Consumers here are quite quality-dependent and will not switch to cheap brands so easily, said Mikhail Kusnirovich, chairman of the board at Bosco di Ciliegi, a major sports clothing manufacturer and retailer.
“In this country, people have a sane consumer mentality, and their consumption depends on the overall mood,” he said. “As you can see, people have not switched from toothpaste to dental powder.”
The key for building a successful business, then, while demand is floating near bottom is to enhance your offer, Kusnirovich said.
“Imagine that you are a restaurateur and you have fewer clients, and all of a sudden you decide to cut 70 percent of the items on your menu. You may well guess what business results you’ll achieve,” he said. “You need to dance before your consumer. You should make the consumer fall in love with you. Only then will you be a success!”
Others on the panel said they learned that even emerging markets could some day retreat.
“I remember sitting in my office 18 months ago, with oil prices at $150 per barrel and the ruble feeling historically strong against the dollar,” said Richard Smyth, president of Mars for Europe and the CIS. “We had a ninth year of consecutive growth, and I could never believe things would go as wrong as they did.”

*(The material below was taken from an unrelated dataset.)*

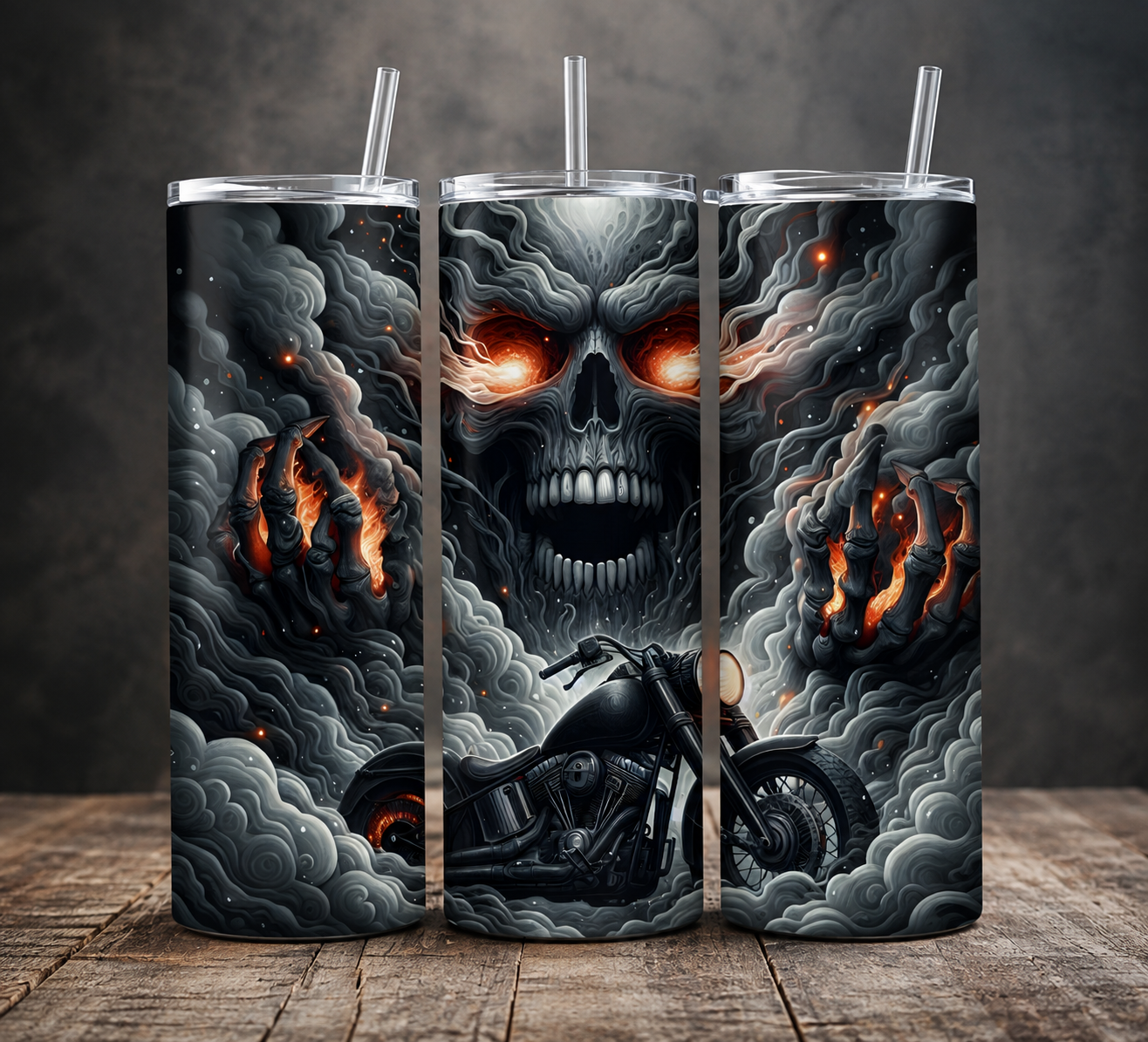 Three tall insulated tumblers with clear straws are shown standing on a wooden surface against a dark gray wall. The tumblers feature a dramatic black, gray, and white smoky graphic with glowing orange-red eyes on a skull, flaming clouds, and a motorcycle illustration.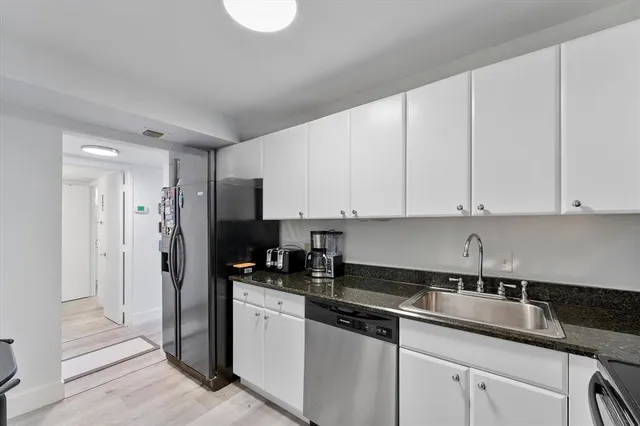 a kitchen with stainless steel appliances granite countertop a sink a refrigerator and a granite counter tops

The recession made plenty of businessmen think of closing up shop, said Rostislav Ordovsky-Tanayevsky Blanco, president of Rostik Group, which owns and operates a number of restaurant chains.
“In March , we all thought we’re going to die,” he said. “The crises in Russia have a national peculiarity: They are much stronger and much shorter, and on top of that we all have a short memory.”
Alcohol — and especially the vodka market — fell amid the recession as the share of counterfeit trade increased, said Alexander Mechetin, chairman of Synergy, a major vodka producer.
“Sales of cheaper vodka brands fell most significantly, as more low-income consumers preferred to buy counterfeit vodka and save money,” he said. “As for premium-priced vodkas, our company had a surprise sales upturn of 20 percent for our Beluga premium brand.”
He attributed the growth to middle-class consumers who used to drink imported whisky or cognac before the crisis but switched to high-end domestic brands. The swap allowed them to feel like they were maintaining their quality of life while saving money, especially as import prices rose because of the ruble devaluation, he said.
But cutting prices, a tactic used by many Russian clothing retailers in 2008 and 2009, drastically decreases the goods’ perceived value for consumers and the image of retailers, said Kusnirovich, of Bosco.
“Those who could buy a jacket for full price want to feel they can afford it at 100 percent and not at a 70 percent discount,” he said. “Consumers who only can afford quality clothes at 70 to 80 percent discounts, will think: Look how much these retailers overpriced their stuff during good times — even with these discounts they make fair margins!”
On the whole, retailers are optimistic about the Russian market, said Synergy’s Mechetin.
“A man stays a man, and a consumer stays a consumer. People will keep on buying premium-priced goods and going to restaurants,” he said. “And as long as they do so, we will have high margins.”